ORLANDO, Fla. — Hurricane Tammy has moved into the open Atlantic while newly formed Tropical Depression Twenty-One fell apart as it moved ashore into Central America on Tuesday.

As of 5 p.m., the center of Tammy was located about 565 miles south-southeast of Bermuda moving northeast at 8 mph with maximum sustained winds of 75 mph.

“This general motion is expected to continue through Wednesday. A turn toward the north at a slower forward speed is forecast to begin on Thursday,” forecasters said. “Slight strengthening is possible during the next day or two. Weakening is expected after that. Tammy is forecast to become apost-tropical cyclone on Thursday.”

Its five-day track has it venturing back toward Bermuda, but after turning post-tropical. For now its hurricane-force winds extend out 25 miles and tropical-storm-force winds extend out 175 miles.

The system that made landfall on the island of Barbuda on Sunday is continuing to leave behind swells affecting the Caribbean’s northern Leeward Islands, British and U.S. Virgin Islands and Puerto Rico. With it comes heavy surf and rip current conditions.

Elsewhere, the 2023 hurricane season saw the development of its 21st official system with the formation of a new tropical depression in the far southwestern Caribbean Sea on Monday.

As of 11 a.m. Tuesday, though, Tropical Depression Twenty-One had become just remnants located about 130 miles north-northwest of Bluefields, Nicaragua, moving west-northwest at 3 mph with maximum sustained winds of 25 mph.

Rainfall could still be as high as 12 inches in some areas of Nicaragua and as high as 6 inches across southern and eastern Honduras. The rains could bring flash and urban flooding and a risk of mudslides in areas of higher terrain, the NHC said.

TD 21 became the season’s first tropical depression to not intensify into a named tropical storm. 2023 had an unnamed subtropical storm in January, and then after the official season started June 30 has served up 19 named storms including seven hurricanes.

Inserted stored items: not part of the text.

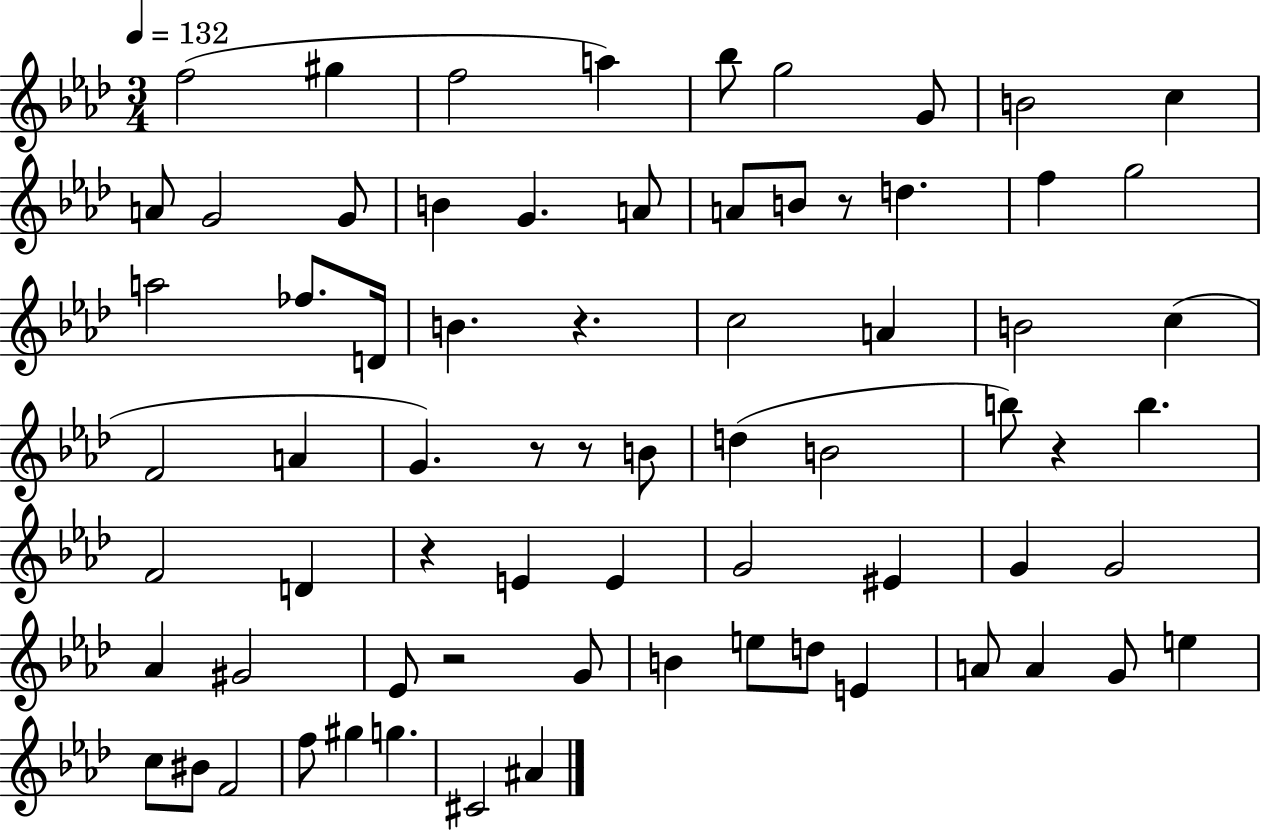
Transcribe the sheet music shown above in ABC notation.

X:1
T:Untitled
M:3/4
L:1/4
K:Ab
f2 ^g f2 a _b/2 g2 G/2 B2 c A/2 G2 G/2 B G A/2 A/2 B/2 z/2 d f g2 a2 _f/2 D/4 B z c2 A B2 c F2 A G z/2 z/2 B/2 d B2 b/2 z b F2 D z E E G2 ^E G G2 _A ^G2 _E/2 z2 G/2 B e/2 d/2 E A/2 A G/2 e c/2 ^B/2 F2 f/2 ^g g ^C2 ^A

Only Vince and Whitney remain on the initial 21-letter list from the World Meteorological Organization, which skips the letters Q, U, X, Y and Z.

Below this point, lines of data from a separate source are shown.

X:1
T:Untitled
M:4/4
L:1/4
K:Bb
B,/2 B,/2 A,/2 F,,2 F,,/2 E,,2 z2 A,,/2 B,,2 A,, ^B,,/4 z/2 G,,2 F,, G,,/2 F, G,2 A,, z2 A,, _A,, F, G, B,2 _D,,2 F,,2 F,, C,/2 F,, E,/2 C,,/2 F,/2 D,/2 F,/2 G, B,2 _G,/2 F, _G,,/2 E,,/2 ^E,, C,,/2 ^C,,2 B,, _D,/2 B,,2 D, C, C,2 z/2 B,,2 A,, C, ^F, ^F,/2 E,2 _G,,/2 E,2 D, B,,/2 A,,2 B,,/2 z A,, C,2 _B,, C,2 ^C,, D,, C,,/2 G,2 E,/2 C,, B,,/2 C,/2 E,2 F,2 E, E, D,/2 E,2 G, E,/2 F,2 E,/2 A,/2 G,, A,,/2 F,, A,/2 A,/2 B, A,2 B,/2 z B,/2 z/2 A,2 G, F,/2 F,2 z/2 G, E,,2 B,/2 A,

The hurricane season ends Nov. 30, although any system that forms before the end of the December would be considered part of the 2023 hurricane season. If the tropics churn out enough named storms, they would pull names from a supplemental list from the WMO beginning with Adria.

Only 2005 and 2020 had to venture beyond the initial 21 names, although both of those years relied on the Greek alphabet for supplemental names, some thing that the WMO shifted away from citing potential confusion among similarly named systems like Eta and Beta.